◆ Work task ◆
Copy nothing but the lines below running from the line containing "关于番茄影视的内容判断:用自媒体夸张修辞识别配合截图鉴别要点 关于番茄影视的内容判断:用自媒体夸张修辞识别配合截图鉴别要点" through the line containing "The First European", both end lines included.

Short text fragments from websites
===
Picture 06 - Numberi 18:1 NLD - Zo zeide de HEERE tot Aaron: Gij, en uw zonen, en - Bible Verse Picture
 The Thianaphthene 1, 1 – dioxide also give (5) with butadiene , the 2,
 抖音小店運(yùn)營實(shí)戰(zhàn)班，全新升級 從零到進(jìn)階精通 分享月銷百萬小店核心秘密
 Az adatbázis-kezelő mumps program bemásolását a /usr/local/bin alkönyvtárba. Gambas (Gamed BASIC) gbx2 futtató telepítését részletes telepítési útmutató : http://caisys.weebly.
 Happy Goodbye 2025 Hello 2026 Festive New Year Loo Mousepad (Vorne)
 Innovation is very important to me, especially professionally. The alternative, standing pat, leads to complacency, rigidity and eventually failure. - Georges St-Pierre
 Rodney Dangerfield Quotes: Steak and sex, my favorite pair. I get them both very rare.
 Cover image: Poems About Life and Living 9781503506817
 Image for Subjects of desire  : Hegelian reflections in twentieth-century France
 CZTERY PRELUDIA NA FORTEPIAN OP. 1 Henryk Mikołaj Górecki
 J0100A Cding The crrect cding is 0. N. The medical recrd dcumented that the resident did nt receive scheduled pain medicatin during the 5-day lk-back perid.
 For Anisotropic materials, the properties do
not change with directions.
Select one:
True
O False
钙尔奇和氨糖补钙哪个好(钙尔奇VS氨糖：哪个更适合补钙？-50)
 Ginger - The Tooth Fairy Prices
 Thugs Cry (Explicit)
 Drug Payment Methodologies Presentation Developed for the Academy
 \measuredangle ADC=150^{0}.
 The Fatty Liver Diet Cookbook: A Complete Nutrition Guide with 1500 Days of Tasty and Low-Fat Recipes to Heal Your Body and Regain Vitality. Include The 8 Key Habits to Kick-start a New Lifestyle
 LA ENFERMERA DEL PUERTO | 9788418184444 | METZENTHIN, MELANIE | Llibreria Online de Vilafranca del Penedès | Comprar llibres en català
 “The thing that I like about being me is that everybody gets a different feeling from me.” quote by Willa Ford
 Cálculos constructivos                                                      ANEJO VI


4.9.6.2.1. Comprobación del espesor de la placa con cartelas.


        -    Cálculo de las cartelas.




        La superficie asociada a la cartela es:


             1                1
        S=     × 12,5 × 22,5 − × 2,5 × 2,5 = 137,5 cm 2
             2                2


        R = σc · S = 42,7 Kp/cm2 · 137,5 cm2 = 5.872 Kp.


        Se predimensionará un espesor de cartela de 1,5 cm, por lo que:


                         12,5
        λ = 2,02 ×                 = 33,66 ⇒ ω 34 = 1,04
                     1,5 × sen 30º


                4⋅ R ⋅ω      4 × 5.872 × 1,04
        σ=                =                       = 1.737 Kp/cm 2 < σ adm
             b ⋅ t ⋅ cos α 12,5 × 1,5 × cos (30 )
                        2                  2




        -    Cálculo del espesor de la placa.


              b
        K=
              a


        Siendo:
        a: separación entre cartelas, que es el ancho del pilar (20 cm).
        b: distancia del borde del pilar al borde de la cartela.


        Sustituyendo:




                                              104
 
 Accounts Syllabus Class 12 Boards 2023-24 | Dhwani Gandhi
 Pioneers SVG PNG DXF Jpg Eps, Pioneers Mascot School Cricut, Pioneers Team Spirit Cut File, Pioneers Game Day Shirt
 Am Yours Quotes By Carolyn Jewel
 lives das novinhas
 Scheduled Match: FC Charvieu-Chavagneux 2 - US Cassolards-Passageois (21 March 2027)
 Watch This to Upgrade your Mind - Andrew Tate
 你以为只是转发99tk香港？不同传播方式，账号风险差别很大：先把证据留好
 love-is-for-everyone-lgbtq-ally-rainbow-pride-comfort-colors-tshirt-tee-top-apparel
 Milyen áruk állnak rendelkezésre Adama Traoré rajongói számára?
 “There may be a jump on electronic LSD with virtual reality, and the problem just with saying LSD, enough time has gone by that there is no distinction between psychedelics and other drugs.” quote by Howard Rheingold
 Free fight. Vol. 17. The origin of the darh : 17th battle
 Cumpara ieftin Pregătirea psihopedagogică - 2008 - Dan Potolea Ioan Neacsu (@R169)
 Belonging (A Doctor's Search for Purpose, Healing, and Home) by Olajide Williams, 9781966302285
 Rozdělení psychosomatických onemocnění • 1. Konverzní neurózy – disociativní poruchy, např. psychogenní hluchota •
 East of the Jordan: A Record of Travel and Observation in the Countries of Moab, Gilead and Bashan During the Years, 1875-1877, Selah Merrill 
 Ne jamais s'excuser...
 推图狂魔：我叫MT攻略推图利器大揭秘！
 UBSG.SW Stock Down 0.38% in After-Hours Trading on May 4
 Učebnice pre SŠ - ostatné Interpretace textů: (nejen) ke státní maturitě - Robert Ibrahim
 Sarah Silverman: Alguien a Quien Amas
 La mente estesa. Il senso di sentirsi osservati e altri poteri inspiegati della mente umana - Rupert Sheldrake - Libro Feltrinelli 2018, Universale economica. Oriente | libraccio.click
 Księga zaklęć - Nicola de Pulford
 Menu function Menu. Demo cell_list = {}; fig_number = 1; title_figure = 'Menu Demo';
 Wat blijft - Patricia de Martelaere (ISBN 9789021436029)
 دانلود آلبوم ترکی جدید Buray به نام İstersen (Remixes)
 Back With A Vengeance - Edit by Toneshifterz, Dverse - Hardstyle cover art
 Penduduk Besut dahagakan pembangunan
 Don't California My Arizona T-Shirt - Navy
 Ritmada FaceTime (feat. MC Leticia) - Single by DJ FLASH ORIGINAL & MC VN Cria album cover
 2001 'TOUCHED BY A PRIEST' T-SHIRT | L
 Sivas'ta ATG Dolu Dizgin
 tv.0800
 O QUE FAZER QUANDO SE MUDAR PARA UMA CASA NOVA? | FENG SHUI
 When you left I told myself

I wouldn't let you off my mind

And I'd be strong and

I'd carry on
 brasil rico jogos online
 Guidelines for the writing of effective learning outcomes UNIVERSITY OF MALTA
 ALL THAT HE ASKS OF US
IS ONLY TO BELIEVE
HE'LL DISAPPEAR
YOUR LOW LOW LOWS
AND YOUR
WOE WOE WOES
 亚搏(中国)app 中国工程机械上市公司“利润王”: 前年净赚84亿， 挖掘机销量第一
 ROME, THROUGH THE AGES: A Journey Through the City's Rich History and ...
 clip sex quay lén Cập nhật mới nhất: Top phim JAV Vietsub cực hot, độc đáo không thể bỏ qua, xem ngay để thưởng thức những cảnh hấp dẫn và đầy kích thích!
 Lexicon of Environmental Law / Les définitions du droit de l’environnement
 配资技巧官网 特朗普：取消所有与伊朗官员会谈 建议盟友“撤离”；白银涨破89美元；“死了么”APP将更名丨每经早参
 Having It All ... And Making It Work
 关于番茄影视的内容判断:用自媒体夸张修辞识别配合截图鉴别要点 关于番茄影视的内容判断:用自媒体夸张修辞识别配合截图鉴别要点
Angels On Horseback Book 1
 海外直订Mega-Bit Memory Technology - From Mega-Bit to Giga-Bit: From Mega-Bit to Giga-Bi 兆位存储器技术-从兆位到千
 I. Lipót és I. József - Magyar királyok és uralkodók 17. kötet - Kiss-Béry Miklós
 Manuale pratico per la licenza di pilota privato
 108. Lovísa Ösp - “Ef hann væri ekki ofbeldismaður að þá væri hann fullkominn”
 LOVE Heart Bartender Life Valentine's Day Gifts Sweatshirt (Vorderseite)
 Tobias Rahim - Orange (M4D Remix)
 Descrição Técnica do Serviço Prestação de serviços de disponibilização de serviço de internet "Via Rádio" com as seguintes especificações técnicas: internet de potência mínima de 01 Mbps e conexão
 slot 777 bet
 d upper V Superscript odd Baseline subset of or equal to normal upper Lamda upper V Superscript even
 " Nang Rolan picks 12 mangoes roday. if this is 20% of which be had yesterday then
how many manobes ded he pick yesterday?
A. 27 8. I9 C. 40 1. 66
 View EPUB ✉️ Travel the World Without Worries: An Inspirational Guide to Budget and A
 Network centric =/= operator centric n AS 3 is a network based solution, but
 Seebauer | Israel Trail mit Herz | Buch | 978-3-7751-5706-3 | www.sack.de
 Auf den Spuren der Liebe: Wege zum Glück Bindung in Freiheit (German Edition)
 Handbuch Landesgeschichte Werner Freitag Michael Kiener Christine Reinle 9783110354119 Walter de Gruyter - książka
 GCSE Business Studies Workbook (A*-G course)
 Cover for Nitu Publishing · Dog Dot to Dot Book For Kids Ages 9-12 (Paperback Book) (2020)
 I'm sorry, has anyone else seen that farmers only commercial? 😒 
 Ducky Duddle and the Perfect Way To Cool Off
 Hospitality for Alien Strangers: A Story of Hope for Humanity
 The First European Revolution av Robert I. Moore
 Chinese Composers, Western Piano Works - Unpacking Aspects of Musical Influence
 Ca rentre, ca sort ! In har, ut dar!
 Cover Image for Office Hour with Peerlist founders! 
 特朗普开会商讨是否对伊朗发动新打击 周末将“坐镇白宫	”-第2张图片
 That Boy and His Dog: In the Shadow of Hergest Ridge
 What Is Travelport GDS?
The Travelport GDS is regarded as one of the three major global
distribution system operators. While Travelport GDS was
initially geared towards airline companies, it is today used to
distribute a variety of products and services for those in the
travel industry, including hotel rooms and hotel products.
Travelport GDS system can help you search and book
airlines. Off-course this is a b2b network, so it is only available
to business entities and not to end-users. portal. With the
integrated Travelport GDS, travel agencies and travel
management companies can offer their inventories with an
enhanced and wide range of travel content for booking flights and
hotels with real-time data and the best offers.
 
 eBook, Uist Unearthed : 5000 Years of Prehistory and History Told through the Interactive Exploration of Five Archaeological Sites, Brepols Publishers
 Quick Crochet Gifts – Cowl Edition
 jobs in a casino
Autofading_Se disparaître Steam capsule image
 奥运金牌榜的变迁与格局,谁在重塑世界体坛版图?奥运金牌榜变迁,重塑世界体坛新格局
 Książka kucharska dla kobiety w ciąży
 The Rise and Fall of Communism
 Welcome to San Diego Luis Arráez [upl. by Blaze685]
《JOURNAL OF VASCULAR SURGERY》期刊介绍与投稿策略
===
◆ Exercise solution ◆
 关于番茄影视的内容判断:用自媒体夸张修辞识别配合截图鉴别要点 关于番茄影视的内容判断:用自媒体夸张修辞识别配合截图鉴别要点
Angels On Horseback Book 1
 海外直订Mega-Bit Memory Technology - From Mega-Bit to Giga-Bit: From Mega-Bit to Giga-Bi 兆位存储器技术-从兆位到千
 I. Lipót és I. József - Magyar királyok és uralkodók 17. kötet - Kiss-Béry Miklós
 Manuale pratico per la licenza di pilota privato
 108. Lovísa Ösp - “Ef hann væri ekki ofbeldismaður að þá væri hann fullkominn”
 LOVE Heart Bartender Life Valentine's Day Gifts Sweatshirt (Vorderseite)
 Tobias Rahim - Orange (M4D Remix)
 Descrição Técnica do Serviço Prestação de serviços de disponibilização de serviço de internet "Via Rádio" com as seguintes especificações técnicas: internet de potência mínima de 01 Mbps e conexão
 slot 777 bet
 d upper V Superscript odd Baseline subset of or equal to normal upper Lamda upper V Superscript even
 " Nang Rolan picks 12 mangoes roday. if this is 20% of which be had yesterday then
how many manobes ded he pick yesterday?
A. 27 8. I9 C. 40 1. 66
 View EPUB ✉️ Travel the World Without Worries: An Inspirational Guide to Budget and A
 Network centric =/= operator centric n AS 3 is a network based solution, but
 Seebauer | Israel Trail mit Herz | Buch | 978-3-7751-5706-3 | www.sack.de
 Auf den Spuren der Liebe: Wege zum Glück Bindung in Freiheit (German Edition)
 Handbuch Landesgeschichte Werner Freitag Michael Kiener Christine Reinle 9783110354119 Walter de Gruyter - książka
 GCSE Business Studies Workbook (A*-G course)
 Cover for Nitu Publishing · Dog Dot to Dot Book For Kids Ages 9-12 (Paperback Book) (2020)
 I'm sorry, has anyone else seen that farmers only commercial? 😒 
 Ducky Duddle and the Perfect Way To Cool Off
 Hospitality for Alien Strangers: A Story of Hope for Humanity
 The First European Revolution av Robert I. Moore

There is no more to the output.